How the judgments will revamp the River?

  • The 2 rivers can claim ‘right to life’ following the Fundamental Rights provisions of the Indian Constitution, and can theoretically enforce the same.
  • This is relevant from the perspective of preventing pollution of the river and also of aquatic mammalian species such as Gangetic dolphins.

What are the major challenges ahead?

  • This is a complex process involving industries and utilities of local bodies are the point sources of pollution and millions of farmers alongside the rivers are the non- point sources of pollution.
  • The polluters who are liable to be sanctioned in court proceedings are many: industrial units, municipal authorities, local bodies, villages, and so on.
  • One important question is: will the new step ensure clean water in the two rivers or deter the polluters from further polluting the rivers?
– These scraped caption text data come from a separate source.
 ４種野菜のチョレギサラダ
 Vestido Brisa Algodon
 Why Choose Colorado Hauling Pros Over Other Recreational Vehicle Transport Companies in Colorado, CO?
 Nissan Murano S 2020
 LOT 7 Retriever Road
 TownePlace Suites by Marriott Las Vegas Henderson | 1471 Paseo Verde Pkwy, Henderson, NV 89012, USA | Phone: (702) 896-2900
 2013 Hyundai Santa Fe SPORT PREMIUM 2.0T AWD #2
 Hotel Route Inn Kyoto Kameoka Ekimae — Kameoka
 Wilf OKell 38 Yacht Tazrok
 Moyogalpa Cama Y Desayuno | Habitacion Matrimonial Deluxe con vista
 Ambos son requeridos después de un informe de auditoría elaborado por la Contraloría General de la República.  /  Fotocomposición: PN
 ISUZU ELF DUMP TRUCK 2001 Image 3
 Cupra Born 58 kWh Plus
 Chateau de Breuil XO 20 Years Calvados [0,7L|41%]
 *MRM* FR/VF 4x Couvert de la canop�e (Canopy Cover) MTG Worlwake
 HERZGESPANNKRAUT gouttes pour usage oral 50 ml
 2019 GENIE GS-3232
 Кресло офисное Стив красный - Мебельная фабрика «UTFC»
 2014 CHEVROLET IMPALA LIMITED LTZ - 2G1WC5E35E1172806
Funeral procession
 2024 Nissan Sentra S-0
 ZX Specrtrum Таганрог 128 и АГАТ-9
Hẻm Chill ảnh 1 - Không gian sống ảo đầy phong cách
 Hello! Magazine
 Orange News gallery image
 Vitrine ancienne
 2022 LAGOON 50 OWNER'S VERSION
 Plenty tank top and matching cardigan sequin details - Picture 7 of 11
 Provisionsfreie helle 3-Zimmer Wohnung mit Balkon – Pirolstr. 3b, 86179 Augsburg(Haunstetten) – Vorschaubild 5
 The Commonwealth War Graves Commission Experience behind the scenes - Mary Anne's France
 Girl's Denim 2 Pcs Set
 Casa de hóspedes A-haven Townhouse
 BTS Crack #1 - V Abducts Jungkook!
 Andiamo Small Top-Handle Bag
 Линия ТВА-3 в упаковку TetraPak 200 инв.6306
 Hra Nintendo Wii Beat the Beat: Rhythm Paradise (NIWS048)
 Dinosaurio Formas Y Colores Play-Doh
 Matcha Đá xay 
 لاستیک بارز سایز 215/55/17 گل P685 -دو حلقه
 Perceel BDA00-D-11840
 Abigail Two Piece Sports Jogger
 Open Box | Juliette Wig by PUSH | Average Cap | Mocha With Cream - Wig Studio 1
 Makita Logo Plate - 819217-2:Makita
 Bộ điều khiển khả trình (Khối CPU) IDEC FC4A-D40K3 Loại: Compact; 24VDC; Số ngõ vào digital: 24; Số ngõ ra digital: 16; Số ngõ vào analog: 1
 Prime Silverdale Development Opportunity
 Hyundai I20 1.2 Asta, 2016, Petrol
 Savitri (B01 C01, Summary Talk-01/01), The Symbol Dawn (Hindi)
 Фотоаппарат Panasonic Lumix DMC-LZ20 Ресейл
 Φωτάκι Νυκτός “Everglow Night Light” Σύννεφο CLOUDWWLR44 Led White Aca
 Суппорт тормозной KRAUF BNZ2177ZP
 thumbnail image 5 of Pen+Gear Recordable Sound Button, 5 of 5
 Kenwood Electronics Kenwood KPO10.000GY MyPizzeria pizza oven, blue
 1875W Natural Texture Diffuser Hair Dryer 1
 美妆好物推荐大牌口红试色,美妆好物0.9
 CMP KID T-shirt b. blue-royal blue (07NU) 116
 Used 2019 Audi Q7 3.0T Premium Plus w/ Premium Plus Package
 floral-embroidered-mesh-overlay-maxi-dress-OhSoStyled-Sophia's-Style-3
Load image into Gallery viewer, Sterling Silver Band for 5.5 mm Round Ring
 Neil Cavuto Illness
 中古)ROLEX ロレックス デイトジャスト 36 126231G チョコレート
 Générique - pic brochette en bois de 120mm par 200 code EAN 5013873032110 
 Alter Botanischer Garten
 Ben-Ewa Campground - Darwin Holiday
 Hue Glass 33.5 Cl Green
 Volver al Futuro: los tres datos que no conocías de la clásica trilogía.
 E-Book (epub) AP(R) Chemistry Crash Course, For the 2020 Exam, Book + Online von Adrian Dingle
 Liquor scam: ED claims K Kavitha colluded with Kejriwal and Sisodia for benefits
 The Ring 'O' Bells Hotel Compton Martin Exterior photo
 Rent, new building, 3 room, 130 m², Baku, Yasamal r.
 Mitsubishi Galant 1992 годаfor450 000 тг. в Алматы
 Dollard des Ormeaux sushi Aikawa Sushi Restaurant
How the processes can be regulated?

  • The regulatory machinery for ensuring Zero Discharge has weak capacity to deliver today.
  • ‘Online data monitoring’ at sewage discharge points of an industrial unit or utility has been thought of, but its proper implementation is a big challenge.
  • In the context of, absence of proper sewer network and subsequent non-treatment of municipal sewage, especially in urban areas and open defecation in rural areas, the Swachh Bharat Abhiyan programme is a right step forward, but its lesser emphasis on faecal sludge management is a matter of concern.

What is the way forward?

  • The perception that only governments are mandated or supposed to ensure clean rivers has to be changed.
  • The public at large, civil societies, and industrial stakeholders, are important stakeholders for achieving such objectives.
  • However, giving rights to rivers is an important step in the right direction for ensuring clean rivers. But only time will fully tell as to its specific impact.